今の世の中にある醜さや不幸に負けない明るく逞しいヒロインが健在の第3弾です。
★★★★☆
アメリカ・メイン州の愛すべき田舎町ティンカーズコーヴを舞台に活躍する主婦探偵ルーシー・ストーンのシリーズ待望の第3弾です。今回は楽しいハロウィーンを間近に控えた町に放火事件が続発し遂に犠牲者が出る謎が描かれます。
町でも一番古いホプキンズ屋敷が全焼し、焼け跡から焼死体で発見された女主人モニカはルーシーと夫ビルの古い友人でした。ふたりは突然の知らせに悲嘆に暮れ、素人探偵ルーシーは絶対に犯人を見つけてやると心に誓い、産まれたばかりの赤ん坊ゾーイの育児に追われながらも、夫に内緒でいつもの調査活動に乗り出します。

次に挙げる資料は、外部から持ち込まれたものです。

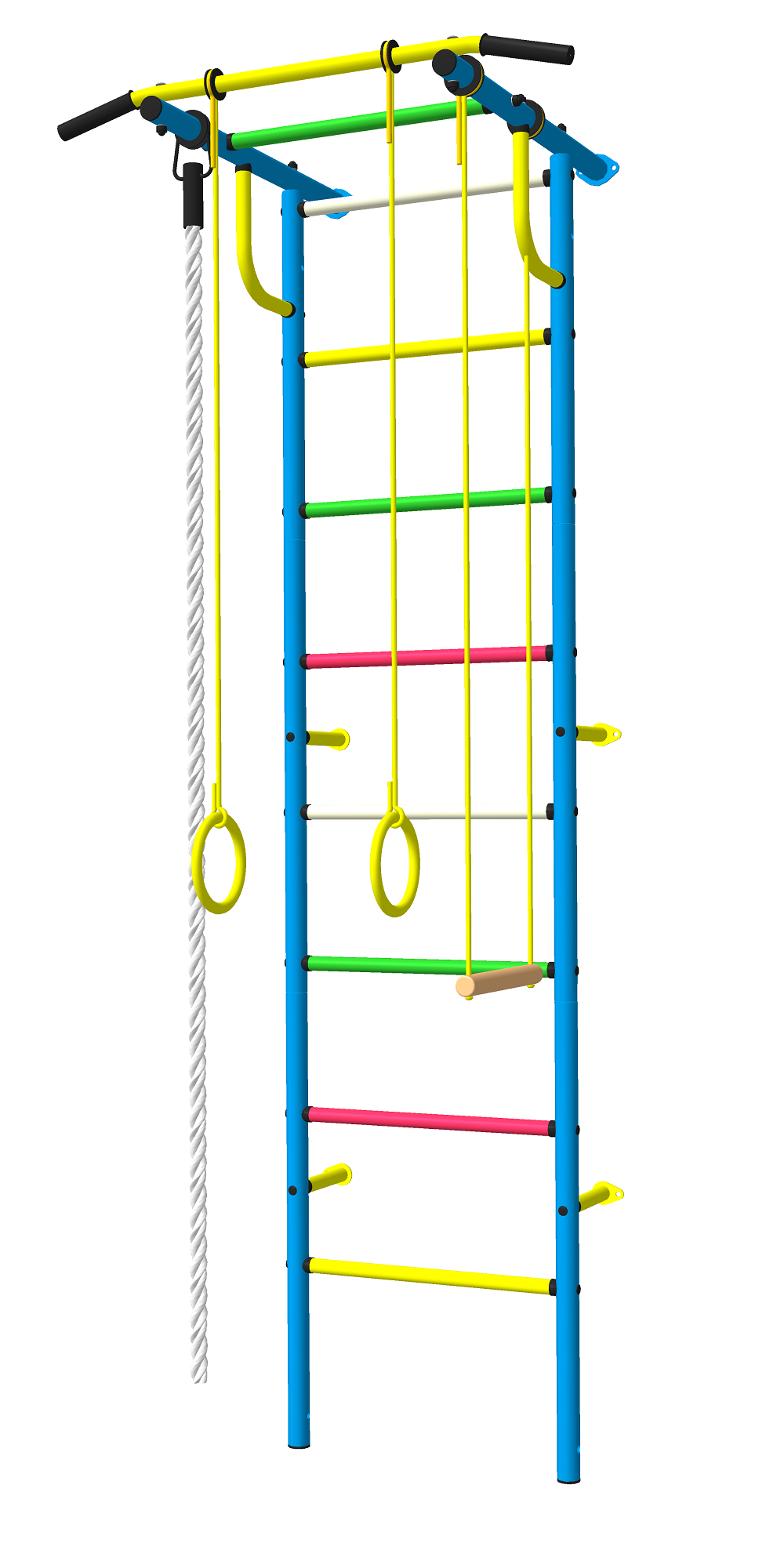 ДСК "Колибри-1" КМС-701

ミステリーの興味としては作者は怪しい容疑者を多数登場させて的を絞り難くしてレッド・ヘリング(偽の手掛り)も巧みに仕掛けられていますので、最後に明かされる意外な真相は読者をまずまず満足させてくれるでしょう。ルーシーは今回も名探偵というよりは行動の人で、運良くあわや死の危険から間一髪救われますし、更に人徳の致す所か結局は犯人の方から名乗り出て来てくれます。これも粘り強いルーシーが犯人にプレッシャーを掛ける才能に長けているからでしょう。それから、本シリーズの一番の魅力である人情味溢れるストーリーは本書でも健在です。ルーシーが四人目の子供の娘ゾーイに注ぐ深い愛情、親離れして行く悪戯盛りの息子トビーへの心配、子供が四人いても熱々に愛し合うビルとルーシー夫妻の幸福な姿とお馴染みストーン一家の近況に加えて、本書で注目すべきは頑固なお年寄りミス・ティリーのエピソードです。自分の非を認めない老女が窮地に立たされ、遂に心を開いて素直に歩み寄る潔さが心地良く爽やかな印象を残してくれます。このシリーズの良さは、悲しいけれど今の世の中にある醜悪さや不幸な出来事に負けないで、決して暗くならず前向きに立ち向かうヒロインの明るさにあると思います。これからもストーン一家とルーシーの活躍に大いに期待しましょうね。